⟨

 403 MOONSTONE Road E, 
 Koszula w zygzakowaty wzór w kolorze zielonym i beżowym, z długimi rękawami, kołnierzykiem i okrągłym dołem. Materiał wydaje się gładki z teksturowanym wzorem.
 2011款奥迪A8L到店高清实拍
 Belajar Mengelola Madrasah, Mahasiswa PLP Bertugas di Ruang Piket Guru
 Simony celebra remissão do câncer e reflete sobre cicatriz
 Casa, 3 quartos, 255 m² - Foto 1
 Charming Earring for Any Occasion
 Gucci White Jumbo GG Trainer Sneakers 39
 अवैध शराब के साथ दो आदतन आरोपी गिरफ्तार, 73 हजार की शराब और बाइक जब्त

⟩

Copy each of the records above so that nothing differs from the original.

 403 MOONSTONE Road E, 
 Koszula w zygzakowaty wzór w kolorze zielonym i beżowym, z długimi rękawami, kołnierzykiem i okrągłym dołem. Materiał wydaje się gładki z teksturowanym wzorem.
 2011款奥迪A8L到店高清实拍
 Belajar Mengelola Madrasah, Mahasiswa PLP Bertugas di Ruang Piket Guru
 Simony celebra remissão do câncer e reflete sobre cicatriz
 Casa, 3 quartos, 255 m² - Foto 1
 Charming Earring for Any Occasion
 Gucci White Jumbo GG Trainer Sneakers 39
 अवैध शराब के साथ दो आदतन आरोपी गिरफ्तार, 73 हजार की शराब और बाइक जब्त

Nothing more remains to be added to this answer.